The problem with this code is that it hides the actual state of affairs from the consumer of the class. The situation gets worse if we save the locator instance itself and use it later on whenever we need to locate a dependency. It’s really hard to trace all dependencies the class uses in such situations.

A justification people often give for this approach is that it reduces the number of constructor parameters. If there are, for example, 10 dependencies, it wouldn’t look particularly well if we specify all of them explicitly.

Well, that’s exactly what we want to achieve here. Instead of sweeping smelling code under the carpet, make it obvious there is a problem with it! Hiding an issue doesn’t help solve it, only prevents us from tackling it.

The same argument can be applied when dealing with temporary fields. This practice seems appealing at first as it allows us to cut off a corner and make our code less verbose:

public class ProductService

{

    private Product _product;

    private Manager _manager;

 

    public void AssignProductToManager(Product product, Manager manager)

    {

        _manager = manager;

        _product = product;

 

        DoAssignment();

        SendNotifiationEmail();

    }

 

    private void DoAssignment()

    {

        /* works with _manager and _product */

    }

 

    private void SendNotifiationEmail()

    {

        /* works with _manager */

    }

}

But of course, it has the same flaws we discussed previously – it hides the underlying complexity and thus reduces the readability. The DoAssignment and SendNotifiationEmail methods assume the _product and the _manager fields are initialized. What we should do instead is we should once again make the assumptions explicit:

public class ProductService

{

    public void AssignProductToManager(Product product, Manager manager)

    {

        DoAssignment(manager, product);

        SendNotifiationEmail(manager);

    }

 

    private void DoAssignment(Manager manager, Product product)

    {

    }

 

    private void SendNotifiationEmail(Manager manager)

    {

    }

}

That way, there will be no misunderstanding in what these methods depend upon as their prerequisites are now specified in the parameter list.

It’s interesting that functional languages emphasize the importance of this principle.

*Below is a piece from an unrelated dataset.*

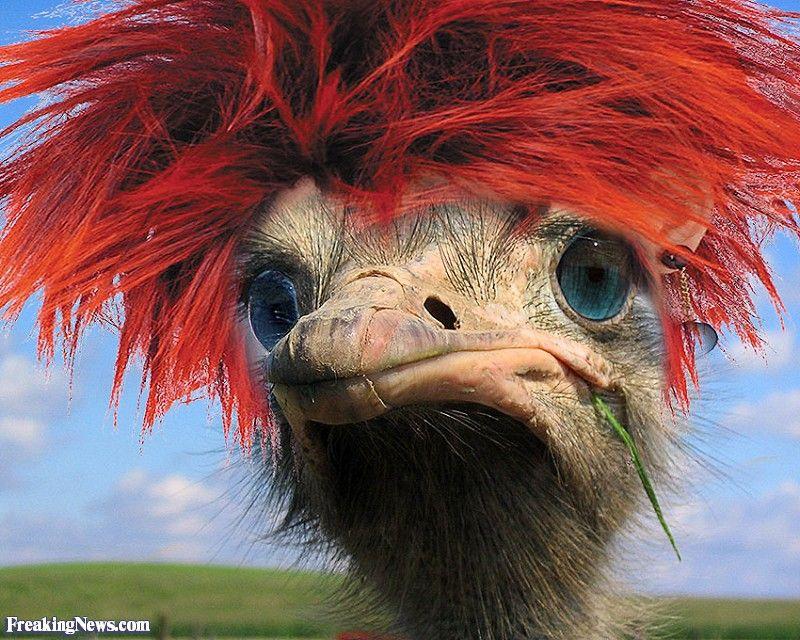Red Ostrich Logo - Miss Ostrich With Red Hair Pictures - Freaking News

Pure functions are all about making the dependencies in code explicit and disallowing the change of the global state.

Summary

Always state what the code is doing in each particular moment. That will help to fill the gap between different developers’ experiences. Making the assumptions explicit is an intrinsic part of improving the readability of our code.

Relates links

Other articles in the series

Share




  • jamesej67

    I find of useful insight in your writings but have to disagree with you on this one. I think generally the line between being explicit and using implicit assumptions is based on a judgement as to whether your implicit assumptions are likely to trip up a future developer.

    The question of constructor arguments (or indeed any function or method argument list) is about finding a place on a continuum of specificity of what the code using the arguments requires. The disadvantage of passing an object that contains amongst other things references to the objects you require is not that this is not explicit: it’s not the job of the argument list to tell you what a function is doing internally and making it too specific can harm encapsulation. The disadvantage is that you may not have the container object to hand and it is easier to use the constructor/function/method if it only takes what it needs. The advantage is that the interface of the class will change less if you make internal changes to what you depend on and use in the objects passed in: i.e. better encapsulation. So it’s a continuum.